Nurses spend significant time with mothers before and after delivery of children. Nurses should guide the patient with the correct way to hold a baby to avoid choking while breastfeeding. The breastfeeding position should support the mothers back. The nurses should also inform mothers on how to enhance the reflex in milk flow in cases where maternal milk fails to pop out. Nurses should also guide parents in monitoring the weight of the baby, urine concentration, and the wetness of urine in the diaper and the appearance of stool (Boersma et al., 2019).
Part 3- Now what
For healthier breastfeeding practices, the community of the lactating mother should support her. The surrounding that affects breastfeeding practices includes the mother’s partner, employers, friends, relatives, organizations and the media. An employer should provide adequate breaks and private rooms for lactating mothers and support them during the lactation period. Breastfeeding education should be extended to all people to encourage mothers to breastfeed and feel appreciated in society. The father’s child should also aid the mother in making breastfeeding decisions and plans. Breastfeeding programs should also be implemented to encourage mothers to breastfeed by providing incentives to responsible mothers. Spreading breastfeeding information on social media platforms can also educate people and shape a culture of healthy practices. The government should also discourage brands that serve as a substitute for breastfeeding (NCBI, n.d.).
According to Crouch, 2015, mothers who are in good physical and psychological condition engage in healthy breastfeeding practices. Fathers should avoid stressing lactating mothers since stress interferes with hormones necessary for breastfeeding. The mothers should also take balanced meals and mainly focus on diets rich in calcium to improve the strength of bones. Light exercises also keep mothers in great shape and help them develop a positive attitude to breastfeeding. Bed-sharing with infants also creates a strong mother-baby bond that helps in stimulating the flow of milk. Mothers should frequently visit hospitals and follow up with nurses to get updates on efficient breastfeeding practices. Likewise, nurses should educate and support families to promote healthy breastfeeding lifestyles.
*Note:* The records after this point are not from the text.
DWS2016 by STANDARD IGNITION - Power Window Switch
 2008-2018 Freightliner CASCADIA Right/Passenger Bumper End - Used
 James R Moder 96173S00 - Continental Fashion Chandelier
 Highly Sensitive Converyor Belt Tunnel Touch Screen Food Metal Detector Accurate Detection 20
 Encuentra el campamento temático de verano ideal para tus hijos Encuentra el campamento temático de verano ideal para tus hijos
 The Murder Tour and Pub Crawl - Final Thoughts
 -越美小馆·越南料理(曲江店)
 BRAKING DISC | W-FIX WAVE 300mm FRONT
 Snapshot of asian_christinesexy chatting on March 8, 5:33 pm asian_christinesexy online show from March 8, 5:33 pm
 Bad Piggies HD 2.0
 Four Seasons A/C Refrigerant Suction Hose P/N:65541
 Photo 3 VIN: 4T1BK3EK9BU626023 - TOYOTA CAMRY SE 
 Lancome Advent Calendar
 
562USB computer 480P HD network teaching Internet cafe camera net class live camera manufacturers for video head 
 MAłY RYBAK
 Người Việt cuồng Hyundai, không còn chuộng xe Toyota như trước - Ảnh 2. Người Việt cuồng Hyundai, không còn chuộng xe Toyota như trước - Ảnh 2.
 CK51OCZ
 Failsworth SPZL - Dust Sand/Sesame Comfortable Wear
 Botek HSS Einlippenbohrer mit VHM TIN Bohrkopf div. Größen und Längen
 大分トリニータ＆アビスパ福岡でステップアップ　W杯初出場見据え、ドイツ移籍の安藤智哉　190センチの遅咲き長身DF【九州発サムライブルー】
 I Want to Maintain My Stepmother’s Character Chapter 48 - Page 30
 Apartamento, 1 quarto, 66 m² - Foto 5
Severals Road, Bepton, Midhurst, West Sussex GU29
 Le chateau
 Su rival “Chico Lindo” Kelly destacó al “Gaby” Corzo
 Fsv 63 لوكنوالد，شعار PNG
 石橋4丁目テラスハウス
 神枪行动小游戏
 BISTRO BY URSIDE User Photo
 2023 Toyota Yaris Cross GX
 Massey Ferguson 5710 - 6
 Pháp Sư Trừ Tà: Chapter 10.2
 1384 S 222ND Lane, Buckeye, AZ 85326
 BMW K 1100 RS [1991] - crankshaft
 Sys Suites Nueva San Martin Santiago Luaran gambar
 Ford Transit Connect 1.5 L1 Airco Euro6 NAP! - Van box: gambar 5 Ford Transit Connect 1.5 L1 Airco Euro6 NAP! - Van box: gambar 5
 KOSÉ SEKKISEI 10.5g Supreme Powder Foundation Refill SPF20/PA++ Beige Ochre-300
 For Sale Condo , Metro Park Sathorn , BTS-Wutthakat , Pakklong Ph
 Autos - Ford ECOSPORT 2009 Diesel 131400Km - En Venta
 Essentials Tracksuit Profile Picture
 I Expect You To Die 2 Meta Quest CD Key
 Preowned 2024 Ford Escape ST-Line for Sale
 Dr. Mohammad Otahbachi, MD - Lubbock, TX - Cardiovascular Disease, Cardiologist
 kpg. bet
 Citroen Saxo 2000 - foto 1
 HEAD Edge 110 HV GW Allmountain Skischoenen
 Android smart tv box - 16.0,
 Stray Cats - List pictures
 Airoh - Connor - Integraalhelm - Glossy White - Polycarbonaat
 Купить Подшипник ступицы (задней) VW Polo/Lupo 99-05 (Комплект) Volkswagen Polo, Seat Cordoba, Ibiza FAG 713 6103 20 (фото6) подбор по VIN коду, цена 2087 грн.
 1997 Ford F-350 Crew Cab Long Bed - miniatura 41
Barrientos, R. B., & Davies, P. B. (2020). The importance of supporting mothers who breastfeed. Journal of Nursing | RN Journal. https://rn-journal.com/journal-of-nursing/the-importance-of-supporting-mothers-who-breastfeed
Boersma, S., Gallagher, S., & Petrou, T. (2019). BREASTFEEDING PROTOCOL: Signs of Effective Breastfeeding. www.breastfeedingresourcesontario.ca
Crouch, M. (2015, February 17). 39 breastfeeding secrets every new mother should know. Parents. https://www.parents.com/baby/breastfeeding/tips/31-breastfeeding-secrets/
Kuguoglu., S., Uzun, M., Cinar, N., & Tanir., M. K. (2012). 116 Role of Nurses in Multiple Babies Breastfeeding Success. https://doi.org/10.1136/archdischild-2012-302724.0115
NCBI. (n.d.). Breastfeeding from the public health perspective – The surgeon general’s call to action to support breastfeeding – NCBI bookshelf. National Center for Biotechnology Information. https://www.ncbi.nlm.nih.gov/books/NBK52684/
Office On Women’s Health. (2018, May 25). Breastfeeding a baby with a health problem. womenshealth.gov. https://www.womenshealth.gov/breastfeeding/breastfeeding-challenges/breastfeeding-baby-health-problem
Raha, P. R., Thassri, J., & Kritcharoen, S. (2010). Roles of Nurses in Promoting Exclusive Breastfeeding Perceived by Mothers’ and Staff Nurses’ in Bangladesh. International Conference on Humanities and Social Sciences.